───── Extracted information ─────

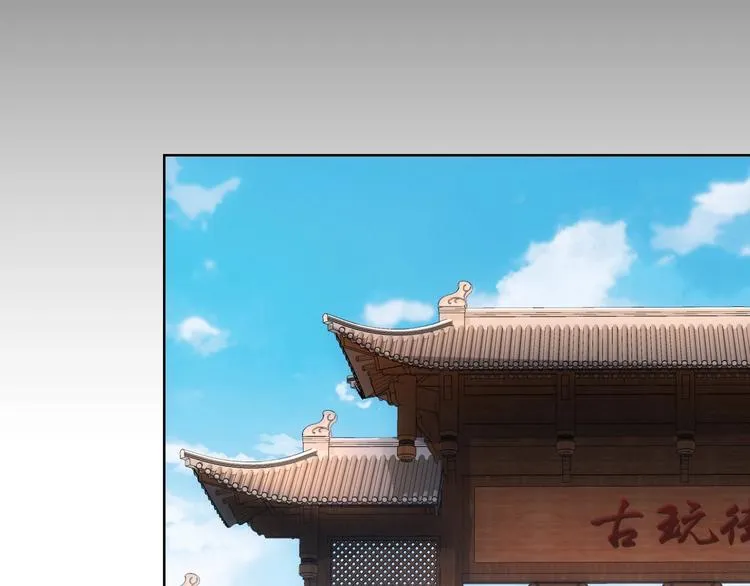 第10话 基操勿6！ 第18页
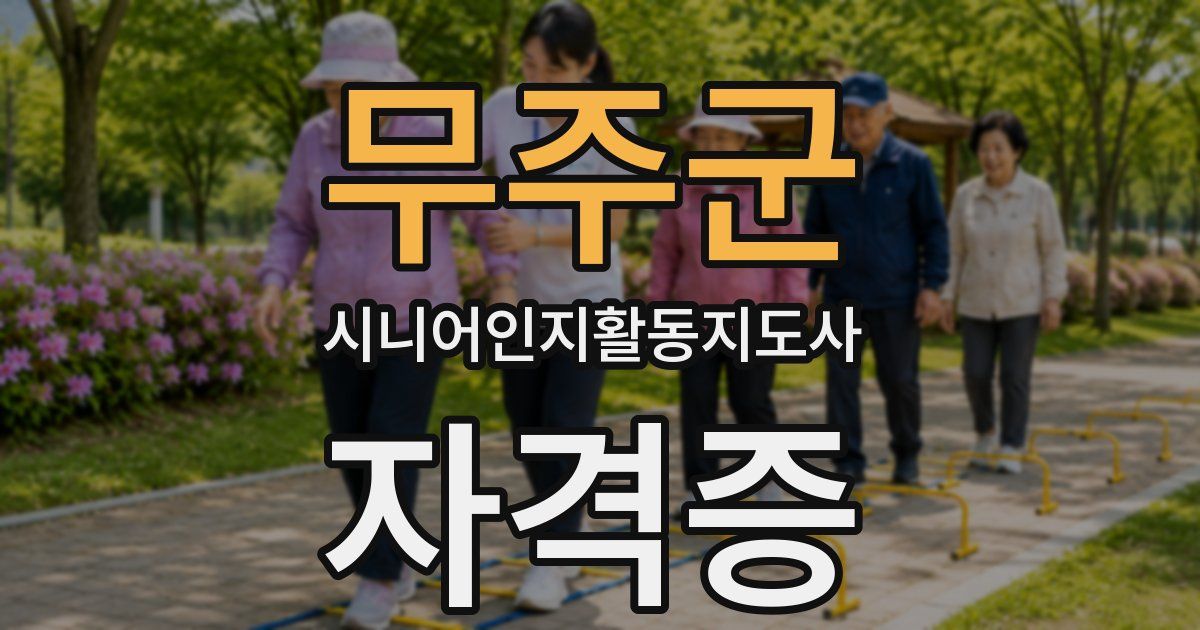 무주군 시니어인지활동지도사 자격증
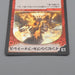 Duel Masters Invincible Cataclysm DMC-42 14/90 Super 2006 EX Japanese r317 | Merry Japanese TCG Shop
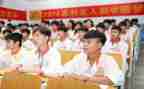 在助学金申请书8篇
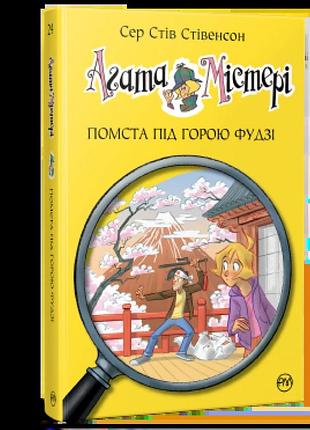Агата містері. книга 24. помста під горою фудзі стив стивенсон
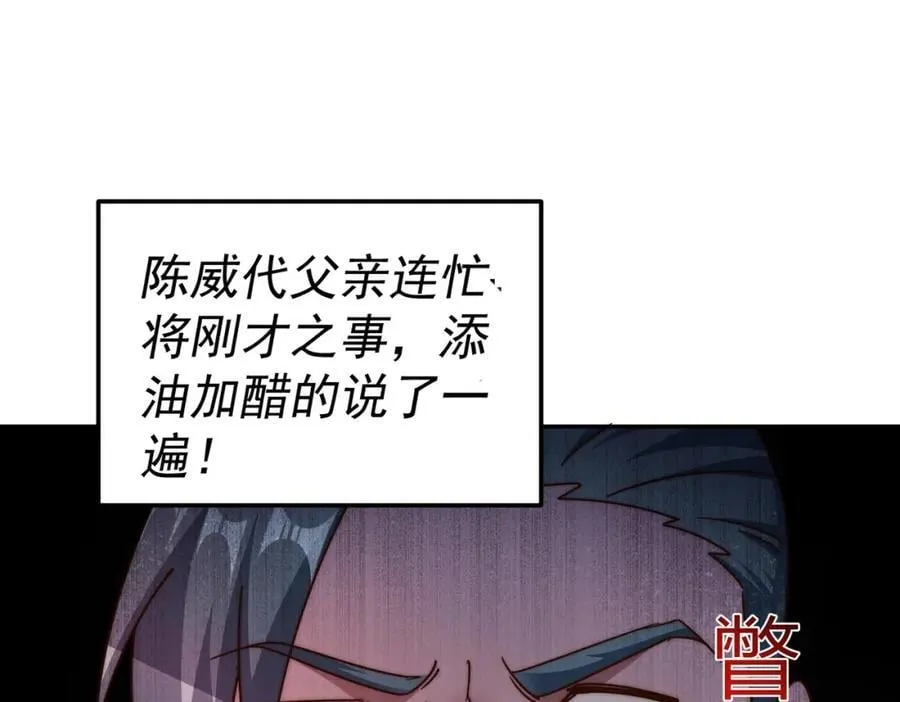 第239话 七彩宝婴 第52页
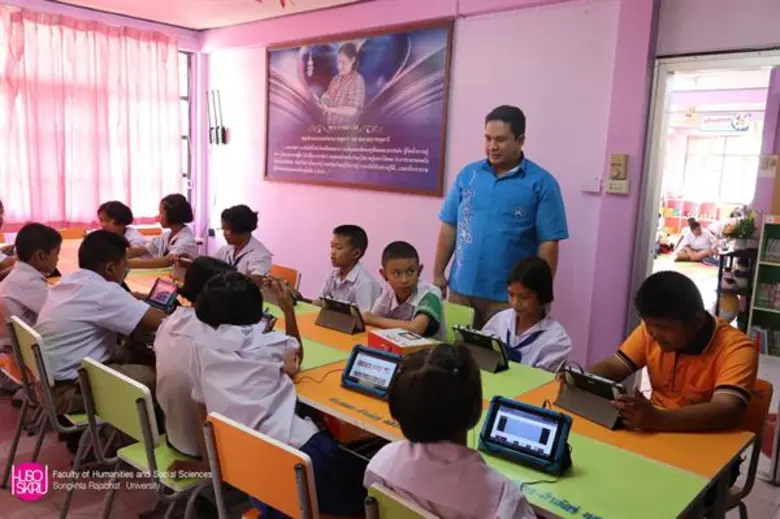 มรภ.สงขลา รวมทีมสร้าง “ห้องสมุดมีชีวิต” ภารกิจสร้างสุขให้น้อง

─────

**Exercise objective**.
The reply should hold only the lines from the first line of the records above through the line containing "第239话 七彩宝婴 第52页", copied exactly and without pictures.

**Output below**.
 第10话 基操勿6！ 第18页
 무주군 시니어인지활동지도사 자격증
 Duel Masters Invincible Cataclysm DMC-42 14/90 Super 2006 EX Japanese r317 | Merry Japanese TCG Shop
 在助学金申请书8篇
Агата містері. книга 24. помста під горою фудзі стив стивенсон
 第239话 七彩宝婴 第52页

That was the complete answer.